Unlike methods such as Minimax, a Monte-Carlo Tree Search does not require an evaluation function to determine the game state, except where the game has ended or the desired goal has been achieved [1]. Furthermore, the absence of this evaluation function makes it useful for games whose state can change at a moment's notice, or otherwise has many unpredictable possibilities - also known as a high branching factor [5].

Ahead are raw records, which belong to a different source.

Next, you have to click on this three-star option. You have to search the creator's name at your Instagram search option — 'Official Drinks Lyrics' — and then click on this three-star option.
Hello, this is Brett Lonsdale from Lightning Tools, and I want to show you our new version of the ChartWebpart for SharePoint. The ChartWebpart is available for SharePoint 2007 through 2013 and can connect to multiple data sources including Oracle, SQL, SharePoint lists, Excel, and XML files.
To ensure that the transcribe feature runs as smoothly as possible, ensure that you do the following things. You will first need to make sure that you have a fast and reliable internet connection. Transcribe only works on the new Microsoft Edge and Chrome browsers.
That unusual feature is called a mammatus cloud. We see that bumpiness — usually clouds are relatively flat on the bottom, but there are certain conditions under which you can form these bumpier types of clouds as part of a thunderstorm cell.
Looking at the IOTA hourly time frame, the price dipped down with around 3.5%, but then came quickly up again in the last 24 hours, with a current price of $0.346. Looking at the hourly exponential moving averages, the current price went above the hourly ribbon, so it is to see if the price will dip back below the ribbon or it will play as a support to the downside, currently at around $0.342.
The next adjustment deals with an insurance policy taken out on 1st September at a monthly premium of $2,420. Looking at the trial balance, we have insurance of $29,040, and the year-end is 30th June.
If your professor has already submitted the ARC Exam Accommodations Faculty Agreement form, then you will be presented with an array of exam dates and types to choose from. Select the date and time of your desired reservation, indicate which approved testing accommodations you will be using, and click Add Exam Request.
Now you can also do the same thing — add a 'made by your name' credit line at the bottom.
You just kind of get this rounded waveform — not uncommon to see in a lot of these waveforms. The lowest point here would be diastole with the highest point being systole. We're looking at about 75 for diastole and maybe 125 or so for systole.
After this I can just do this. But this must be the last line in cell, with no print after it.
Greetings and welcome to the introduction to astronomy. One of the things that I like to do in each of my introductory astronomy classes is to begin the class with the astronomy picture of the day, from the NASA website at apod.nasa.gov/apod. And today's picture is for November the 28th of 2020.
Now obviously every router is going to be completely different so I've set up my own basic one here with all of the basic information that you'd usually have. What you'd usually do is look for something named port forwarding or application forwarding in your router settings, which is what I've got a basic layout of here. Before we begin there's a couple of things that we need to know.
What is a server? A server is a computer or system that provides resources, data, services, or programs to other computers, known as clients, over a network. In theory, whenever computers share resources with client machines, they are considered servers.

This also makes the method attractive to problems where the programmer does not want to write an evaluation function; for example, the trolley problem. In fact, the Monte-Carlo Tree Search could perhaps be a solution to the ethics issue prevalent in self-driving cars, where in traditional programming, the programmers and also the car must share the burden of deciding who should be sacrificed in a crash scenario. Instead of that, it is worth entertaining the idea that all of the blame should go to that one poor programmer tasked with implementing the rand() function.

Finally, the use of random plays may also help to diversify the playing decisions, where a more deterministic algorithm may become stuck searching for a perfect solution.

References

[1] C. B. Browne et al., "A Survey of Monte Carlo Tree Search Methods," in IEEE Transactions on Computational Intelligence and AI in Games, vol. 4, no. 1, pp. 1-43, March 2012. Available: http://mcts.ai/pubs/mcts-survey-master.pdf [Accessed: 12-Feb-2019]
[2] Unknown author, "Monte Carlo Tree Search - About", unknown year. [Online]. Available: http://mcts.ai/about/index.html [Accessed: 12-Feb-2019]
[3] R. Coulom, "Efficient selectivity and backup operators in monte-carlo tree search," in Proceedings of the 5th International Conference on Computers and Games, CG’06, (Berlin, Heidelberg), pp. 72–83, Springer-Verlag, 2007.
[4] T. Pepels, M. H. M. Winands and M. Lanctot, "Real-Time Monte Carlo Tree Search in Ms Pac-Man," in IEEE Transactions on Computational Intelligence and AI in Games, vol. 6, no. 3, pp. 245-257, Sept. 2014.
[5] G. N. Yannakakis and J. Togelius, "Artificial Intelligence and Games". Springer, 2018.
[6] R. Eckhardt, "Stan ulam, john von neumann, and the monte carlo method," Los Alamos Science, vol. 15, no. 131-136, p. 30, 1987.
[7] J. Pittman, "The Pac-Man Dossier", February 2019. [Online]. Available: http://www.gamasutra.com/view/feature/132330/the_pacman_dossier.php?page=3 [Accessed: 13-Feb-2019]
[8] D. Higginbotham, "An Exhaustive Explanation of Minimax, a Staple AI Algorithm", January 2012. [Online]. Available: http://www.flyingmachinestudios.com/programming/minimax/ [Accessed: 15-Feb-2019]
[9] G. Chaslot, M. Winands, and H. Herik, "Parallel monte-carlo tree search," pp. 60–71, 09 2008.